Every week the radio show is a series of mixes, usually a sequence of mini-mixes, 3 or 4 song runs put together to fill an hour. Every now and again though, a bunch of music comes together on my radar, drawn from albums sent to me as well as my own listening habits. Over the last few months I’ve noticed an amount of striking and powerful instrumental music coming together in this orbit I call The Underground of Happiness. All of this has received an airing on the show at some point, but given that I only have 1 hour per week to play with live on air, I thought it would be good to give some of this music an extra platform.

Firstly, as you would expect, these are all instrumental pieces, which is to say they don’t contain vocals (although Polar Bear flirt with humming at one stage in ‘No more goodbyes’). In fact, most of these artists are what you would call either exclusively or largely instrumental artists. The cellist Julia Kent for example, exploring the outer reaches of her instrument brilliantly over the course of several albums now. Noveller’s Sarah Lipstate creates epic soundscapes using one electric guitar and a rack of pedals. Icelandic composer Jóhann Jóhannsson also springs to mind, someone renowned for majestic ambient instrumental works. (Funnily enough, one of the other tracks on his new album contains what sound like wordless vocal sounds. Come to think of it, I’d love to hear what he might do with an expressly “vocal” album.)

However, several of the tracks in this mix are by bands who do use vocals. The legendary Bert Jansch is of course well known as a folk singer and songwriter, as well as a wonderful guitarist, but this track is from an instrumental album of his, Avocet, from 1990 which is getting a welcome reissue on the Earth label, featuring a lovely trio arrangement with double bass and fiddle from Danny Thompson and Martin Jenkins. Slow Moving Clouds use vocals (not always with words) to great effect within Irish/Finnish traditional music settings. Tortoise are using guest vocalists for the first time on their brilliant new album The catastrophist. Needless to say, the absence of vocals in these cases draws more attention to the instrumental, rhythmic, melodic, percussive work. There’s also a share of great electronic tunes in this mix, adding to that particular canon from club to concert hall. And along with Jóhann Jóhannsson (who made the accompanying film End of summer himself), there’s some tremendous film music by Mikael Tariverdiev (someone who has been dubbed the Russian Morricone), one of my most treasured discoveries of 2015, again thanks to Earth Records.

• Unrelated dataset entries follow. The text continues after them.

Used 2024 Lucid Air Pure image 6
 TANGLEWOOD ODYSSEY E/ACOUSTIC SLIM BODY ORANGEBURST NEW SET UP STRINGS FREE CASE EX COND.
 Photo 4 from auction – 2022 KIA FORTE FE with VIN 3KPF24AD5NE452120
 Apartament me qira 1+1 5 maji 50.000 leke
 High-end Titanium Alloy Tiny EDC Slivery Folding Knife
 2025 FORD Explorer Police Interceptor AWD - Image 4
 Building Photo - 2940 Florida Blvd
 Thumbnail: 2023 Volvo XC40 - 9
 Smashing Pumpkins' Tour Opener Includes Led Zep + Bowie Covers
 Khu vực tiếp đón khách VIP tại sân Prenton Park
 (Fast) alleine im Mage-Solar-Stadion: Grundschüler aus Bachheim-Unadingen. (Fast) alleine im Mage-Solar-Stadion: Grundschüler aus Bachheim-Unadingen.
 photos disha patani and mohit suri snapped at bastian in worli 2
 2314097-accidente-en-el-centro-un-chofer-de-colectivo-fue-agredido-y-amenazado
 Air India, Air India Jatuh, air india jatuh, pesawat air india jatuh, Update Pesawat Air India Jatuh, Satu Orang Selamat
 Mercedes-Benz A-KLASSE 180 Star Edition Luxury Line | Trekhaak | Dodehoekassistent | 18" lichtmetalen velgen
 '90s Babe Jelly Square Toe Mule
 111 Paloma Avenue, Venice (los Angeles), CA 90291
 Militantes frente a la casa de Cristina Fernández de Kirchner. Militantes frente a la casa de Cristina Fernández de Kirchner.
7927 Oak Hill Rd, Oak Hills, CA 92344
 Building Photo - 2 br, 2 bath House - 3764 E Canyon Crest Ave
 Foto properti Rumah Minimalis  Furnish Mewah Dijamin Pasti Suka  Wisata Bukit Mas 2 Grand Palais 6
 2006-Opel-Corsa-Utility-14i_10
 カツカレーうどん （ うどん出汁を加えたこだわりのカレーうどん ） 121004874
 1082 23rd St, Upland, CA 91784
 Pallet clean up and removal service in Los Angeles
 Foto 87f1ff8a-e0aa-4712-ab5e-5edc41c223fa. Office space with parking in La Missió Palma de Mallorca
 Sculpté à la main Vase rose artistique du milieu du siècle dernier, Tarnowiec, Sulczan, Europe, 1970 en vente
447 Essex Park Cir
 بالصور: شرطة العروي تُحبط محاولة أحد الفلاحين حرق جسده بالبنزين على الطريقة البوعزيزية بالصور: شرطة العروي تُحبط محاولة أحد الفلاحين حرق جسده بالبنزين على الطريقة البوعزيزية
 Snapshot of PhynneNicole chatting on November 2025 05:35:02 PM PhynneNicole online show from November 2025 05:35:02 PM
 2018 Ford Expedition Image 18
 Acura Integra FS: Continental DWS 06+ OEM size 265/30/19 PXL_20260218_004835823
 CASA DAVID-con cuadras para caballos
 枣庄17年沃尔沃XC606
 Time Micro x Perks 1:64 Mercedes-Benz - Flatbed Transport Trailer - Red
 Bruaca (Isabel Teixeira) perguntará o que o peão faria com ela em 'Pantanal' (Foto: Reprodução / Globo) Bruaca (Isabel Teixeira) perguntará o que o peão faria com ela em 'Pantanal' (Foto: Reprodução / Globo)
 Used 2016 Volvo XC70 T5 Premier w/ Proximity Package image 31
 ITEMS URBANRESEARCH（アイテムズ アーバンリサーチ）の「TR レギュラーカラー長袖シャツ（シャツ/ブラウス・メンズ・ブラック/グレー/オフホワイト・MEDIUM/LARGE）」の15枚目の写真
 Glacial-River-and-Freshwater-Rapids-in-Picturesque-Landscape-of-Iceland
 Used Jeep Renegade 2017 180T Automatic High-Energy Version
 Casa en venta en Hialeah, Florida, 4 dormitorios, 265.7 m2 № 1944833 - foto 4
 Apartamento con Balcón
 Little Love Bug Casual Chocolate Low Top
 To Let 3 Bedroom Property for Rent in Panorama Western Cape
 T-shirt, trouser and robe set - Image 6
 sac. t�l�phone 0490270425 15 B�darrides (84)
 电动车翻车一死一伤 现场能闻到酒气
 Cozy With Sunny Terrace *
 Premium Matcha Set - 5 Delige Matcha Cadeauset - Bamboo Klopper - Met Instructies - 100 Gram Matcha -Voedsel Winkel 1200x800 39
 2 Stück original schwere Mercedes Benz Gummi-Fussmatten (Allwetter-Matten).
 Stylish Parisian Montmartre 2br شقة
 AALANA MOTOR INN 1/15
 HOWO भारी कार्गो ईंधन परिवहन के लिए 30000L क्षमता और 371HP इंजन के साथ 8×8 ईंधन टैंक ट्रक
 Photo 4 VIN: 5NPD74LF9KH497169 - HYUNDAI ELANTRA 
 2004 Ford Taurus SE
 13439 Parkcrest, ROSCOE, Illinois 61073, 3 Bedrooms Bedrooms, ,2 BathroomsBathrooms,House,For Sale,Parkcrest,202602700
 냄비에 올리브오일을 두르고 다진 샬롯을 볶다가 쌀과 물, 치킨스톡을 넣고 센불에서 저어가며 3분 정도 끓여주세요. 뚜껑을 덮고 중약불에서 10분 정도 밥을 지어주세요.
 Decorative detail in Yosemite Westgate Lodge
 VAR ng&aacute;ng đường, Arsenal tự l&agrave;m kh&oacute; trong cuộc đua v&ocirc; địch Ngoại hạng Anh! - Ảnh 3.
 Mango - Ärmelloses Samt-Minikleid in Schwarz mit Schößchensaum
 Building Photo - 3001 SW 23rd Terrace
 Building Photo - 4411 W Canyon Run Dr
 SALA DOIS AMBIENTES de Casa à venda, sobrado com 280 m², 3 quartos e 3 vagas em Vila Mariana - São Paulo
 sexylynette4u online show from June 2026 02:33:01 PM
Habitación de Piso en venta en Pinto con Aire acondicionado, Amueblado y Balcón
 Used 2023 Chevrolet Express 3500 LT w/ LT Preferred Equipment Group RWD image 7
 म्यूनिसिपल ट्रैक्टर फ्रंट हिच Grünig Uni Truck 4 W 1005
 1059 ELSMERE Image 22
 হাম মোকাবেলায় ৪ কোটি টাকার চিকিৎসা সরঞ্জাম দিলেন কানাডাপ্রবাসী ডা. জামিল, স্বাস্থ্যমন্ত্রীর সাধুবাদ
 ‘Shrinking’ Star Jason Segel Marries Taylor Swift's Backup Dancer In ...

I wouldn’t make any great claims as to a binding theme for these tracks. The artists featured come from a wide variety of influences and backgrounds. But we are in winter and many of the tunes do have a certain chilly feel, in one way or another. So I decided to go with the title of Laura Cannell’s piece – it’s more or less the centrepiece of the mix – as an overall title. Her double recorder has an absolutely heart-piercing quality which seems an appropriate representation of the mix as a whole and the season we're in. Other than that, the only thing in common is that everything here has been released (or reissued) in the last 6 months or so.

One final point. I’d hope that if you come here for Tortoise, or Floating Points, or Benoit Pioulard, or whoever, that you’ll stay for the rest and discover something great you hadn’t heard before. That’s what makes the world go around after all.

Enjoy.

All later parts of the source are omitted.